→ Provided material:
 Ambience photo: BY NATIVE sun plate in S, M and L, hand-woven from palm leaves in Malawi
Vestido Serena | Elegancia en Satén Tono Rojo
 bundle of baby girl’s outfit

---

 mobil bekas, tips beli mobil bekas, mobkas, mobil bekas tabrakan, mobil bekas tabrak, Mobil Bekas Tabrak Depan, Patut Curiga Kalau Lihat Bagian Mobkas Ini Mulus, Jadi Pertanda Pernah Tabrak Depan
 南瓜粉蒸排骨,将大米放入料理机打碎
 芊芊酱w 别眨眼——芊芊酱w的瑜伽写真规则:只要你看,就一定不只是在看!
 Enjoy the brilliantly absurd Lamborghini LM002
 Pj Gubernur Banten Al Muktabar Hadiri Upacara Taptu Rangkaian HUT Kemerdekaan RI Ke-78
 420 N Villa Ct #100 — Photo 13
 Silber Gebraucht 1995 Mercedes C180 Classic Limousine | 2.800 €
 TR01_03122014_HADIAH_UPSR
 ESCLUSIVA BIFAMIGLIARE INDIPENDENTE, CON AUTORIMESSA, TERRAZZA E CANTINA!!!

--

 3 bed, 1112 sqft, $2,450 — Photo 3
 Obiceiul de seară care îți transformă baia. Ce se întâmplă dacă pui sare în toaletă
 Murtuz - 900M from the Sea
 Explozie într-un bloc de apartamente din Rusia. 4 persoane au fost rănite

→ How to complete this task: Only the lines above from the one with "Ambience photo: BY" through the one with "bundle of baby girl’s outfit" should be duplicated, character for character.

→ Solution for this exercise:
 Ambience photo: BY NATIVE sun plate in S, M and L, hand-woven from palm leaves in Malawi
Vestido Serena | Elegancia en Satén Tono Rojo
 bundle of baby girl’s outfit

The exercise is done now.